Segment Start: Records provided

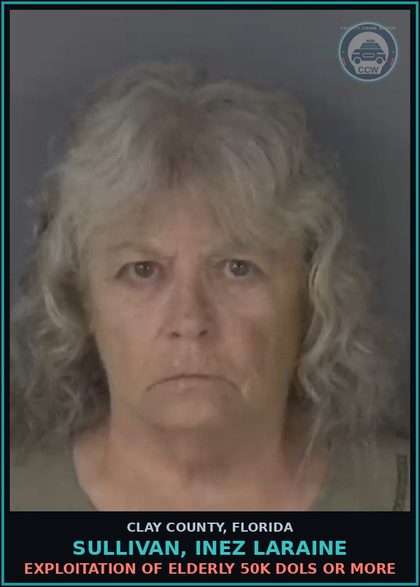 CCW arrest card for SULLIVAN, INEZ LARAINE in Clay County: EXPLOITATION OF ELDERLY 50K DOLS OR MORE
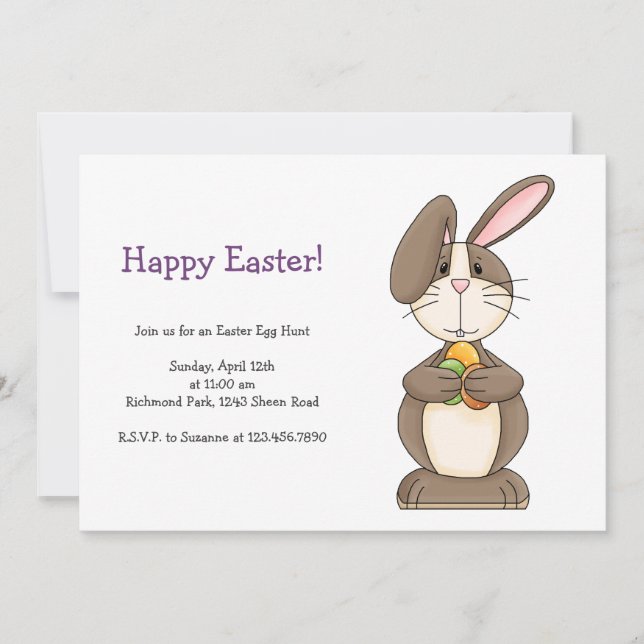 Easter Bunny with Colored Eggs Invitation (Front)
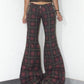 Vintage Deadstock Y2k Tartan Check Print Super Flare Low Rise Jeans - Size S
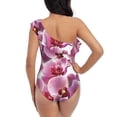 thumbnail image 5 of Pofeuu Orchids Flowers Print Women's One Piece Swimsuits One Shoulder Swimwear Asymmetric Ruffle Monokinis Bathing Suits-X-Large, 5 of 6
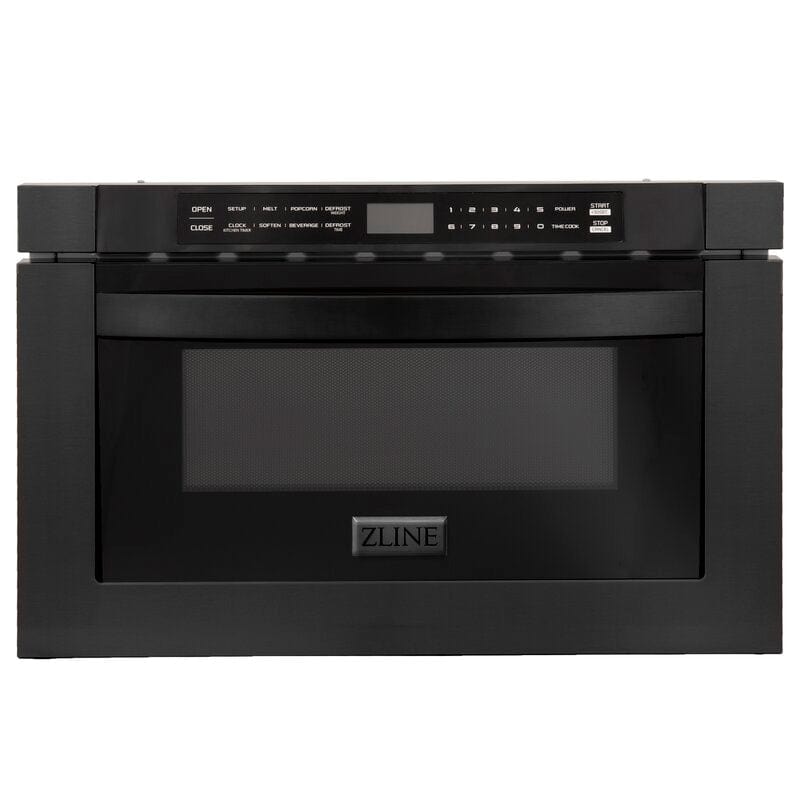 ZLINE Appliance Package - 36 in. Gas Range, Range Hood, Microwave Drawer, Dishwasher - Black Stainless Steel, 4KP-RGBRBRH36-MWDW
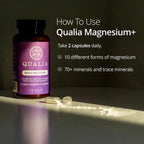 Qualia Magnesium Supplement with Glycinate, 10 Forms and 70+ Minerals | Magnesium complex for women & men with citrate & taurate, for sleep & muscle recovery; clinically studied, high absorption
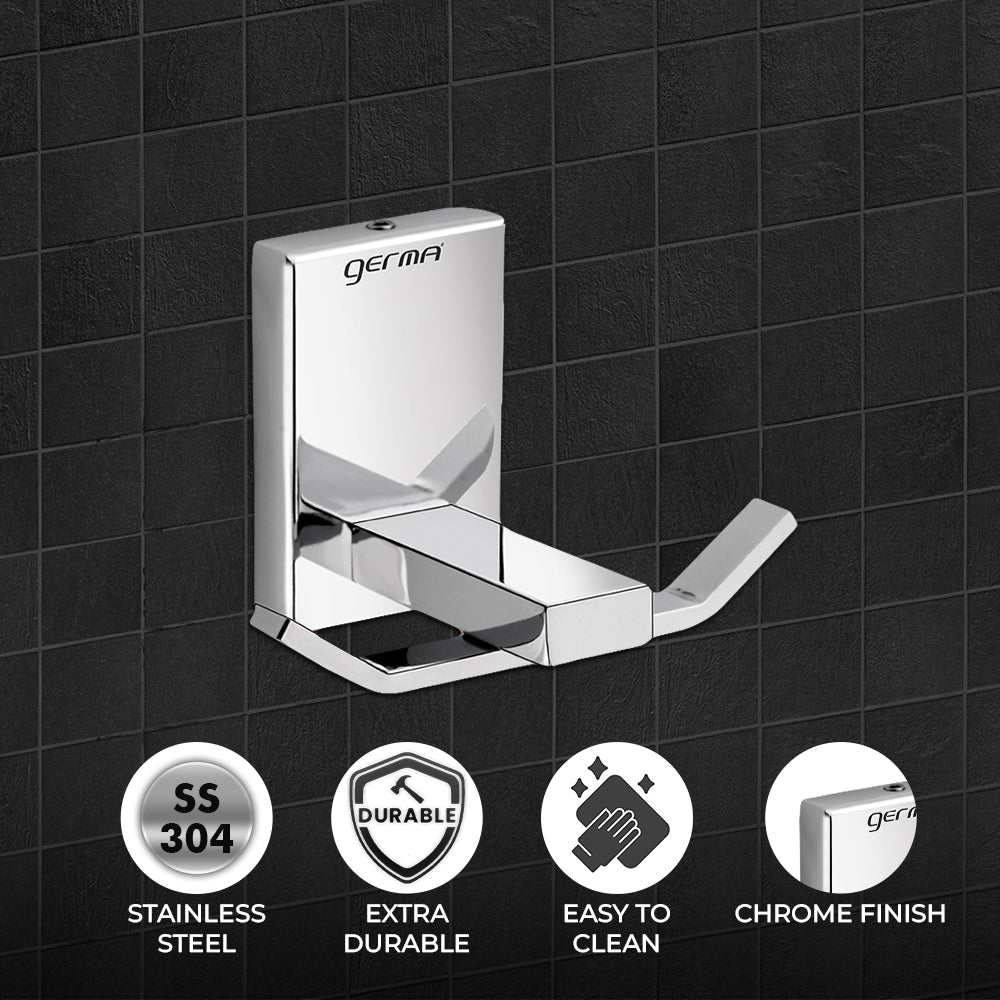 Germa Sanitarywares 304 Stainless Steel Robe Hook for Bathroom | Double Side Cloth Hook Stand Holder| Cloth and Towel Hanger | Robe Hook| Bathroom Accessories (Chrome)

Segment End: Records provided

**What you should do**
Your task is to reproduce exactly the lines from the one that holds "thumbnail image 5" to the last line of the listing, and only those, omitting the pictures.

**Solution for this task**
 thumbnail image 5 of Pofeuu Orchids Flowers Print Women's One Piece Swimsuits One Shoulder Swimwear Asymmetric Ruffle Monokinis Bathing Suits-X-Large, 5 of 6
 ZLINE Appliance Package - 36 in. Gas Range, Range Hood, Microwave Drawer, Dishwasher - Black Stainless Steel, 4KP-RGBRBRH36-MWDW
 Qualia Magnesium Supplement with Glycinate, 10 Forms and 70+ Minerals | Magnesium complex for women & men with citrate & taurate, for sleep & muscle recovery; clinically studied, high absorption
 Germa Sanitarywares 304 Stainless Steel Robe Hook for Bathroom | Double Side Cloth Hook Stand Holder| Cloth and Towel Hanger | Robe Hook| Bathroom Accessories (Chrome)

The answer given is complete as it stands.